* **DATA TO PROCESS**
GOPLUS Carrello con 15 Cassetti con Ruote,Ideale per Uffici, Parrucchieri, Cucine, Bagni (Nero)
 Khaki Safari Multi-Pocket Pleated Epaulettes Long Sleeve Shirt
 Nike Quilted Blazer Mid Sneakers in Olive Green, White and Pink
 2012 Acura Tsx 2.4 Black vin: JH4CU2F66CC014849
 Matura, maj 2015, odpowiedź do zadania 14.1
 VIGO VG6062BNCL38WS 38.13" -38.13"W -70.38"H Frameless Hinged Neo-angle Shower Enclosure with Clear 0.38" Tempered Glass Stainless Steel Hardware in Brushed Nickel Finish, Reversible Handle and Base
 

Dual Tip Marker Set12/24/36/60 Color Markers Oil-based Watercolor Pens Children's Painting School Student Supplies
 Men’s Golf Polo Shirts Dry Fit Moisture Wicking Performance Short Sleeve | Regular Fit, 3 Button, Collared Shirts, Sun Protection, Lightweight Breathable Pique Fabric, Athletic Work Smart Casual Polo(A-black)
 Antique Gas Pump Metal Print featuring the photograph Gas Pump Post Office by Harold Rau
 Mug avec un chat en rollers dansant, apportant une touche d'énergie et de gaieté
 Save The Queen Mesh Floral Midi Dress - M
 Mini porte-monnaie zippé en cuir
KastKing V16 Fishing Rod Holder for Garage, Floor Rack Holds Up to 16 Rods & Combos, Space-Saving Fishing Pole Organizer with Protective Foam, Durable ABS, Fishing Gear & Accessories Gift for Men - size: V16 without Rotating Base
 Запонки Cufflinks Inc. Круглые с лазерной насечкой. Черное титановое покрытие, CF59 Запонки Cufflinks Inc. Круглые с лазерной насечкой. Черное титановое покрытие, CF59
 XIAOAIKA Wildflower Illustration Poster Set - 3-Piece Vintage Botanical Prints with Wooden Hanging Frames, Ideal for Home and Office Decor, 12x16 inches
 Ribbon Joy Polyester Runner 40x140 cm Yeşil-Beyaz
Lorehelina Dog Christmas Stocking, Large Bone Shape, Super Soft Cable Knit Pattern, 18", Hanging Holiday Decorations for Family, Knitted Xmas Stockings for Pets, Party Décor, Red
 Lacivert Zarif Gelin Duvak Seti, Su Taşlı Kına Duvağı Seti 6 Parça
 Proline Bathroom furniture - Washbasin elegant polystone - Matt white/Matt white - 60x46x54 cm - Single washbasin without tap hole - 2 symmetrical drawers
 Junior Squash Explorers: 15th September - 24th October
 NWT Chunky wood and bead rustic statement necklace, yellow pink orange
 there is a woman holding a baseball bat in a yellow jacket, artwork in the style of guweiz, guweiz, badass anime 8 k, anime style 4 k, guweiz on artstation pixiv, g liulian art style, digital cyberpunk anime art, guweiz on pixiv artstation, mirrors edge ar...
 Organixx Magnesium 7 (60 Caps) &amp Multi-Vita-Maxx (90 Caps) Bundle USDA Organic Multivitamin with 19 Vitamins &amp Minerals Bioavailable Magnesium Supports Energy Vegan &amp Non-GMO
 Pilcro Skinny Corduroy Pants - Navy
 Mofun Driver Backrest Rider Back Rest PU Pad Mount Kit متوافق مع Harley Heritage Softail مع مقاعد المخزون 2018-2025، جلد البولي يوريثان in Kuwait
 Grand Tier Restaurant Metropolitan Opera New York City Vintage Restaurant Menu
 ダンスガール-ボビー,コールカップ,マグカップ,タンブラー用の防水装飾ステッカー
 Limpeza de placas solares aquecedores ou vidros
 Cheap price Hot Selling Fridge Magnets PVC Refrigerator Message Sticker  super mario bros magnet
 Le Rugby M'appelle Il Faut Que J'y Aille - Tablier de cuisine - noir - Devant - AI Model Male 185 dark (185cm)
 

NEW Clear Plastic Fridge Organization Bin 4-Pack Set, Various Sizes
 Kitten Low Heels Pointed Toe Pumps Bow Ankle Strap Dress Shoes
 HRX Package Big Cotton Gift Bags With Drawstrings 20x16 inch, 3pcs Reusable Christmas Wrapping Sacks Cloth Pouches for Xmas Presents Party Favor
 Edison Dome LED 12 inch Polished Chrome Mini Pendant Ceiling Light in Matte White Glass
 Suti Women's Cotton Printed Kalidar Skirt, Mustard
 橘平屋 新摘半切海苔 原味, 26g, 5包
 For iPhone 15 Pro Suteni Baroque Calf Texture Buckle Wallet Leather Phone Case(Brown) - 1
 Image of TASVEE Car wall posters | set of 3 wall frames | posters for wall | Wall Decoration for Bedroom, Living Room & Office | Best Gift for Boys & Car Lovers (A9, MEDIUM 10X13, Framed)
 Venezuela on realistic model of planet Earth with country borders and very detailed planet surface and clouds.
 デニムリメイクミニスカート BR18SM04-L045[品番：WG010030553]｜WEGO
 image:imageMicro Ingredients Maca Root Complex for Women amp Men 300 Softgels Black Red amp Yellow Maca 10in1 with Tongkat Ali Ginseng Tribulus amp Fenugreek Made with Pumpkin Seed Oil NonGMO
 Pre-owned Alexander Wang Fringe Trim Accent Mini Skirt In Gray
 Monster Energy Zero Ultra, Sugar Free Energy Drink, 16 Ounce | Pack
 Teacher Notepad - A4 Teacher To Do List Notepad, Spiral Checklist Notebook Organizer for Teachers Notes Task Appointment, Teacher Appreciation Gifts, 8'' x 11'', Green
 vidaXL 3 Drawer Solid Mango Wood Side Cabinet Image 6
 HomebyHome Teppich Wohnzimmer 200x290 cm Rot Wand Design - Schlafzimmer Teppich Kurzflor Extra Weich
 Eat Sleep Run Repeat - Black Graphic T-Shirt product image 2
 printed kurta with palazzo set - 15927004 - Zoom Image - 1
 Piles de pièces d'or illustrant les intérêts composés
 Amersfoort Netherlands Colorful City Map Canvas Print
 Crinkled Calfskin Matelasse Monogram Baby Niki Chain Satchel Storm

* **TASK STATEMENT**
The answer must consist of each line in the entries above that includes "Dress".

* **RESULT**
 Save The Queen Mesh Floral Midi Dress - M
 Kitten Low Heels Pointed Toe Pumps Bow Ankle Strap Dress Shoes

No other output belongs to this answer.